My blood ran cold at the soft knock at the door, and it took me a full minute to drag my mind out of Charles's bunker and back into the present. Hurrying to the door, I ushered Emily inside, closing the door and locking it securely as soon as she had stepped over the threshold.

On-edge was probably the tamest way I could have described my emotional state in that moment.

As soon as I turned around, Emily's arms found themselves flung tightly around my neck as she tugged me into a tight embrace, and I didn't even hesitate to hug her back with everything in me. She started whispering something to me so quietly that I couldn't make it out, but then she dug her face tightly into the crook of my neck, and I could feel the words she was forming as her lips brushed against my neck.

I'm sorry. I'm so sorry, Spence. Please forgive me. I'm sorry.

The tears started streaming from my eyes completely of their own volition. My arms tightened around her and I wanted nothing more than to take her pain away. I didn't know how.

"Shhh, sweetheart, there's nothing to forgive. I've got you now. We're going to be okay. You're going to be okay," I whispered into her ear, reaching a hand up to run through her hair in an attempt to soothe her.

"I'm so sick of being afraid all the time, Spencer," Emily stated firmly, her face still settled in the crook of my neck, her lips still brushing lightly against my skin.

It was an odd tickling sensation that I wasn't sure I wanted to end. And here I had been thinking my life couldn't get any more confusing after the strange emptiness I had felt as Toby hugged me in my hospital room; how hollow his promises felt. With Emily's arms around me, I didn't feel so empty, and I had no idea what that meant.

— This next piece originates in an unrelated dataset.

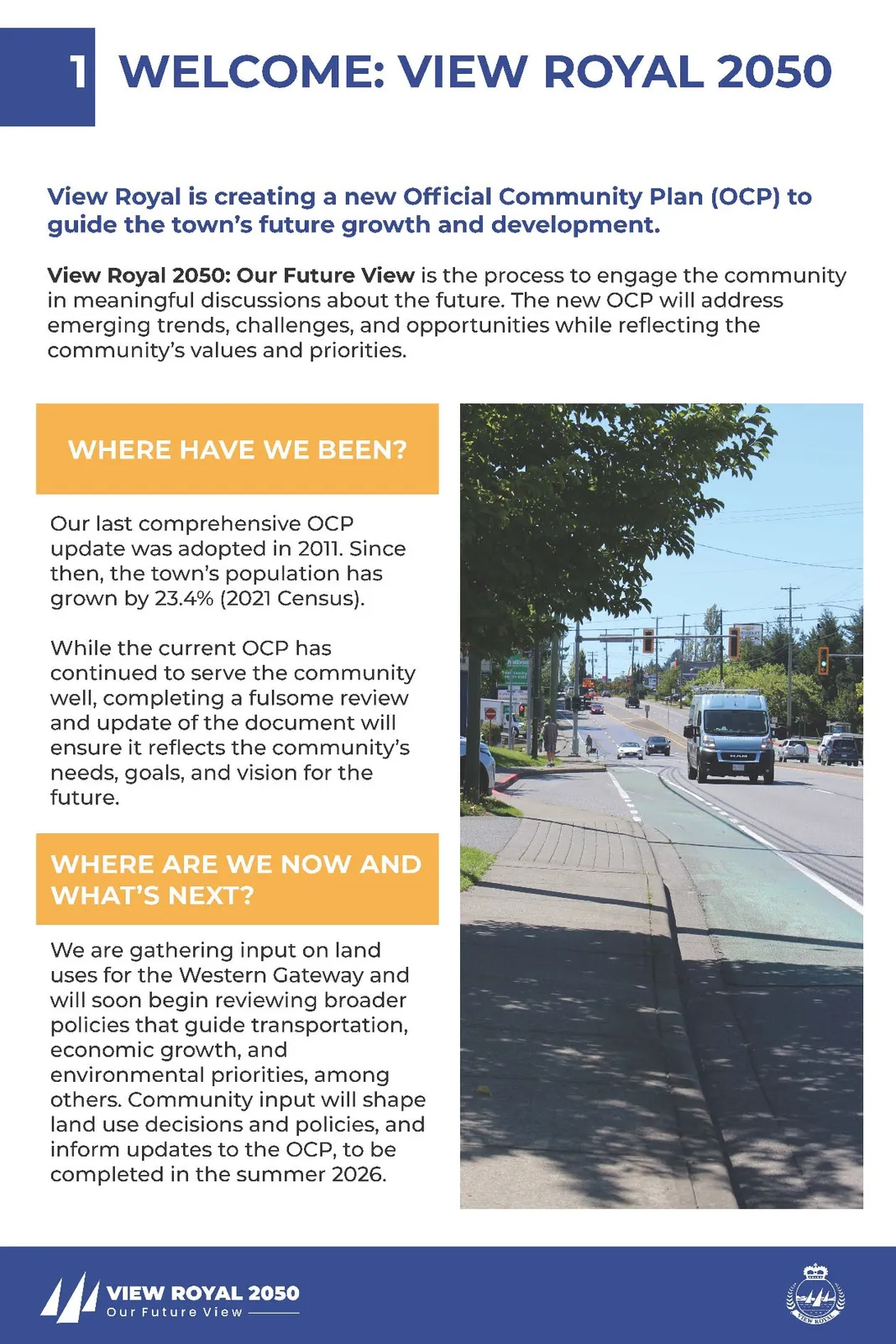 Photograph of the Western Gateway corridor showing a street with a green-painted bike lane, sidewalks, and a transit van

I wasn't sure I wanted to.

Pulling back slightly, I looked her straight in the eye, and her own widened in surprise, probably at the tear tracks lining my face that were so markedly absent on her own.

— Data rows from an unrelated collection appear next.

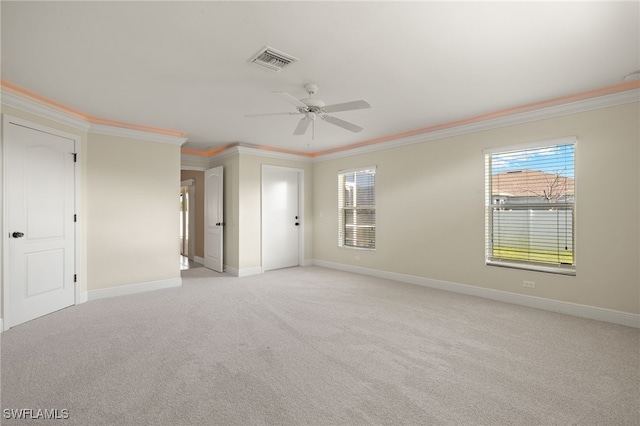 2933 NW 25th Ter, Cape Coral, FL 33993 - unfurnished bedroom with ornamental molding, light carpet, and ceiling fan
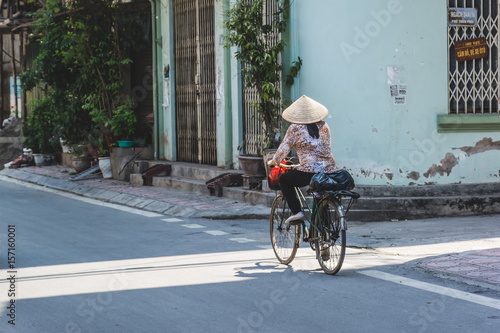 Fototapeta Naklejka Na Ścianę i Meble -  Vietnamese Woman on Bicycle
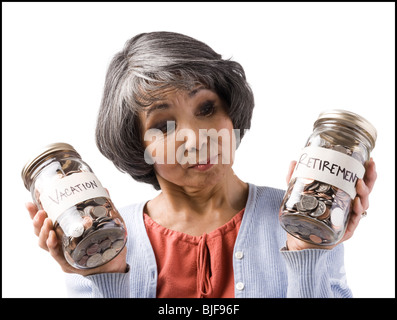 Frau mit zwei Gläsern von Münzen Stockfoto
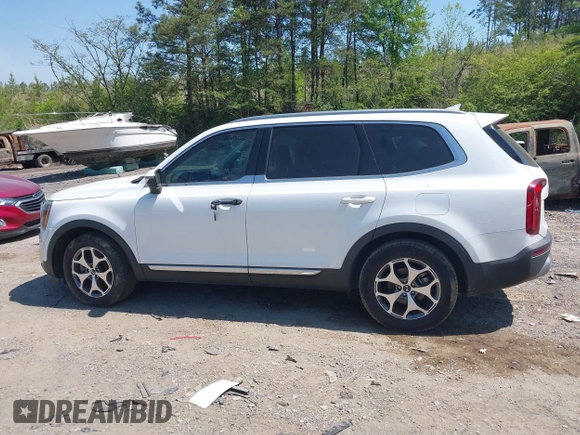 2020 Kia Telluride EX with VIN 5XYP34HC5LG008668, listed as a IAAI auction lot 42063077 with 59,480 mi miles and . Bid and sale history available at DreamBid. Image 13.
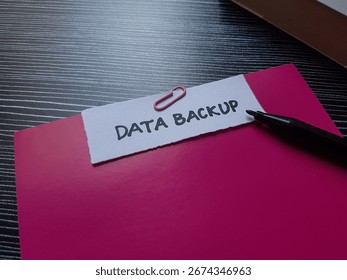 Data backup writting on table background.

"I know, and I feel the same way," I offered quietly, taking one of her hands in my own and squeezing lightly as I turned toward the stairs. "But let's now talk about all that stuff tonight, I don't think I'm ready to relive it out loud quite yet, no matter how many times my brain likes to replay it for me."

Emily nodded and followed me silently up the stairs, slipping out of her jacket and shoes before climbing into bed with me pretty much as soon as we reached my room. After struggling internally with myself for at least five minutes, I rolled over and reached my arms out to her, inexplicably relieved when she rolled into them so effortlessly. It took only seconds for her to snuggle deep into my embrace, and I had never felt so safe in my life.

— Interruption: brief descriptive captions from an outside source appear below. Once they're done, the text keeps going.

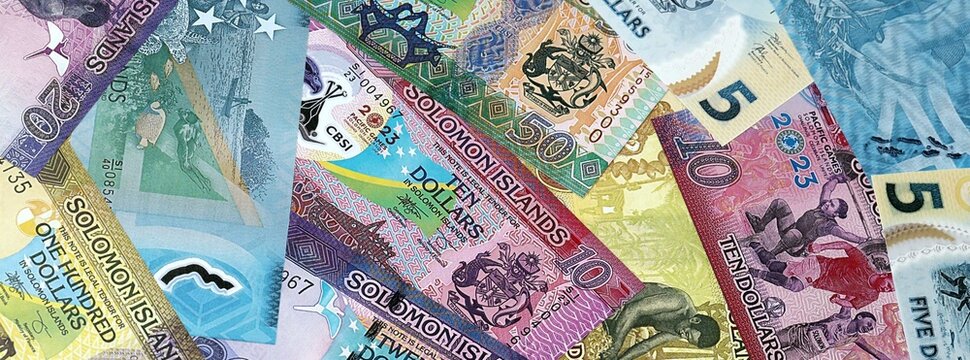 Big amount of Solomon Islands dollar money banknotes. Solomon Islands cash bills of SBD currency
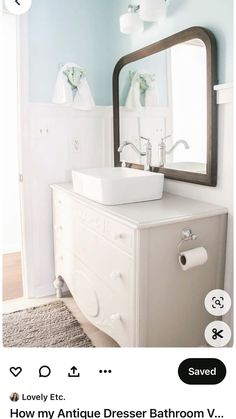 a bathroom with a sink, mirror and towel dispenser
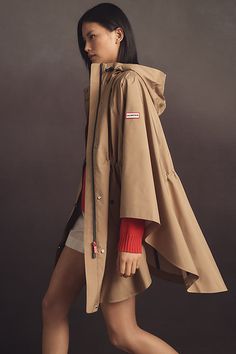 Don't forget a jacket – the season's staple is having a moment. Make a statement in this rain-bonded novelty cape from Hunter, featuring seam-sealed waterproof construction, an adjustable hood and waistband, and welt pockets. | Rain Bonded Novelty Cape Jacket by Hunter in Beige, Women's, Size: Large/XL, Polyester at Anthropologie Hooded Jacket Pattern Sewing, Hooded Jacket Pattern, Rain Cape, Cape Pattern, Dress Up Boxes, Jacket Pattern Sewing, Cape Jacket, Raincoats For Women, The Hunter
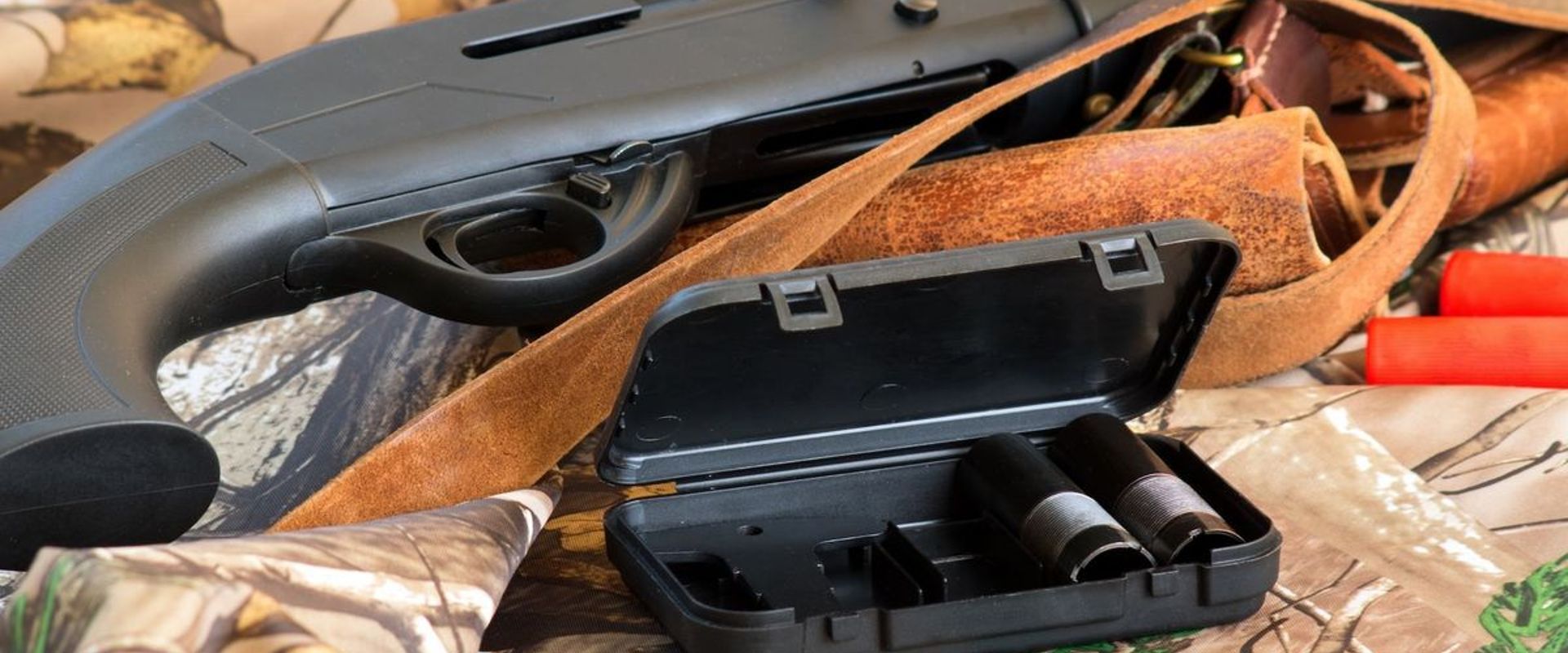 Chokes next to a shotgun, what's the best choke for dove hunting concept.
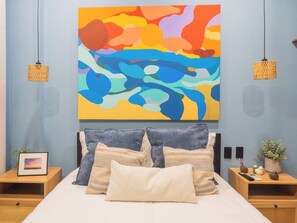 A bedroom with a bed, two nightstands, a wall-mounted abstract painting, and two hanging wicker lamps. - Vista Vigía Loft · Ideal for 2 in Mazatlan (Mazatlán)
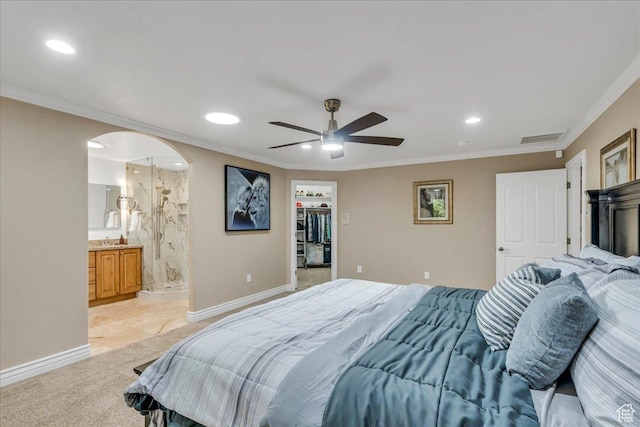 10605 S Willow Valley Rd W, South Jordan, UT 84095 - bedroom with recessed lighting, ornamental molding, arched walkways, a walk in closet, and light colored carpet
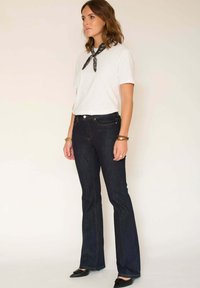 T-shirt blanc à col rond, jean évasé bleu marine avec des coutures jaunes, et ballerines noires pointues, accessoirisées avec une écharpe noire.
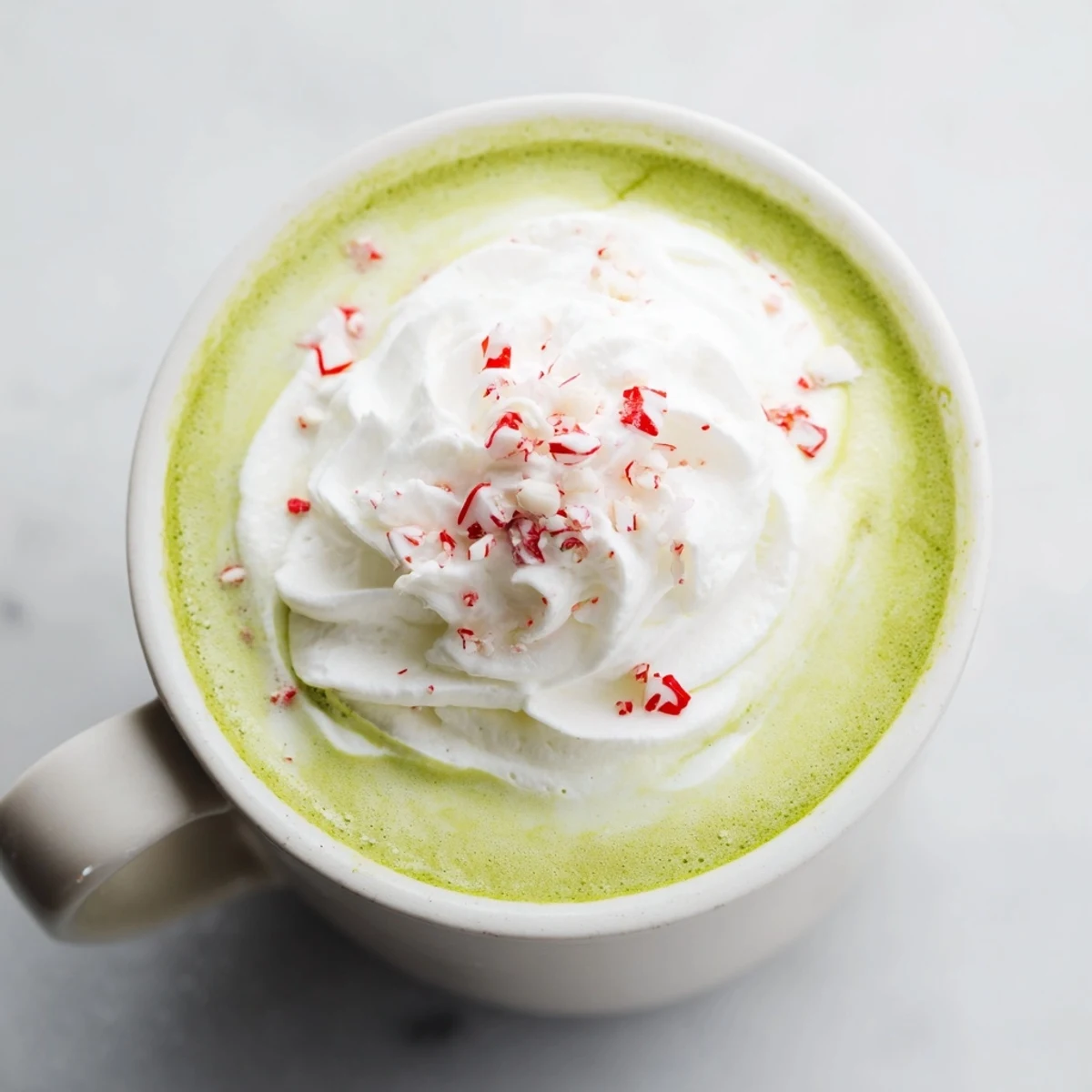 A warm, creamy Cozy Peppermint Matcha Christmas Latte topped with delightful whipped cream and candies.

Before my confusion could overwhelm me again, Em's lips were brushing against my skin once more as she whispered to me.

"I don't remember how many nights it was, after a while time just didn't seem to exist anymore, but there was one night that I almost opened my door to venture out. It was because I heard you scream earlier that day, and it tore me apart. I wanted to comfort you, see if you were okay, I needed to see you, but I couldn't do it. I was too afraid. I'm sorry, Spence. I'm sorry I was too afraid to help you. I'm sorry I was a coward."

Her voice broke a little toward the end of her speech, but otherwise it was hard to read her. So I just squeezed her tightly to me, taking a deep breath before responding.

"If you were a coward, then we all were, Emily. No one else will ever understand what we all went through down there, and we will always carry it with us, but eventually we need to forgive each other, because we need each other, and you don't give up on the people you love, none of us do," I offered, trying my best not to cry again.

Too many tears had been shed recently.

There was a pause, a silence between us that frightened me more than any words could have, but thankfully it didn't last long enough for me to start panicking too intensely.

"I think the harder part is going to be forgiving ourselves," Em breathed, her voice rough with emotion.

I had no idea how to respond to that, so I stayed silent. She was right, of course, but I had no clue what to do about it, and obviously neither did she. So we just lay there silently, holding each other tightly, the future looming before us, ominous and uncertain.

The only thing I was certain of was that I never wanted to let Emily go.